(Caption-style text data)
-=-=-
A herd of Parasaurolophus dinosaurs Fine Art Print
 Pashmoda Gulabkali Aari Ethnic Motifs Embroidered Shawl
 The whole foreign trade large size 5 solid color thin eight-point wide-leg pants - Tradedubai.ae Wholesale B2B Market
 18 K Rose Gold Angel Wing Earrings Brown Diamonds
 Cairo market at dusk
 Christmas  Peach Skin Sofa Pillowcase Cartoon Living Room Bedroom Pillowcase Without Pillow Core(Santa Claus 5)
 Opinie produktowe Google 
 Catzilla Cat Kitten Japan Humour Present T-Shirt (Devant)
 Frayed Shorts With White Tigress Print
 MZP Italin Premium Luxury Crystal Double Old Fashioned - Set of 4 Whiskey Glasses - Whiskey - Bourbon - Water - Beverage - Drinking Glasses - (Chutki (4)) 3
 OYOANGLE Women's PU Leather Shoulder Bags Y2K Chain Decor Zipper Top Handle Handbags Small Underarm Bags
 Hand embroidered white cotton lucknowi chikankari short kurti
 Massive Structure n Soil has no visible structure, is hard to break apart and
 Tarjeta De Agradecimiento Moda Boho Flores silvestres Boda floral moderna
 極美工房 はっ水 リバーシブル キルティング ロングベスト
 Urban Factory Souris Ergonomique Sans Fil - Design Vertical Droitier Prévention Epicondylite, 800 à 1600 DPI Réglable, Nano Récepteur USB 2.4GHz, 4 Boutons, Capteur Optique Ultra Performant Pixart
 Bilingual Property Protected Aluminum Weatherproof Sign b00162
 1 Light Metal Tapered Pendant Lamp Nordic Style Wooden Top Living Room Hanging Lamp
-=-=-
◆ Exercise description:
In the entries above, find each line that has the word "Room". Copy it.

◆ Result:
 Christmas  Peach Skin Sofa Pillowcase Cartoon Living Room Bedroom Pillowcase Without Pillow Core(Santa Claus 5)
 1 Light Metal Tapered Pendant Lamp Nordic Style Wooden Top Living Room Hanging Lamp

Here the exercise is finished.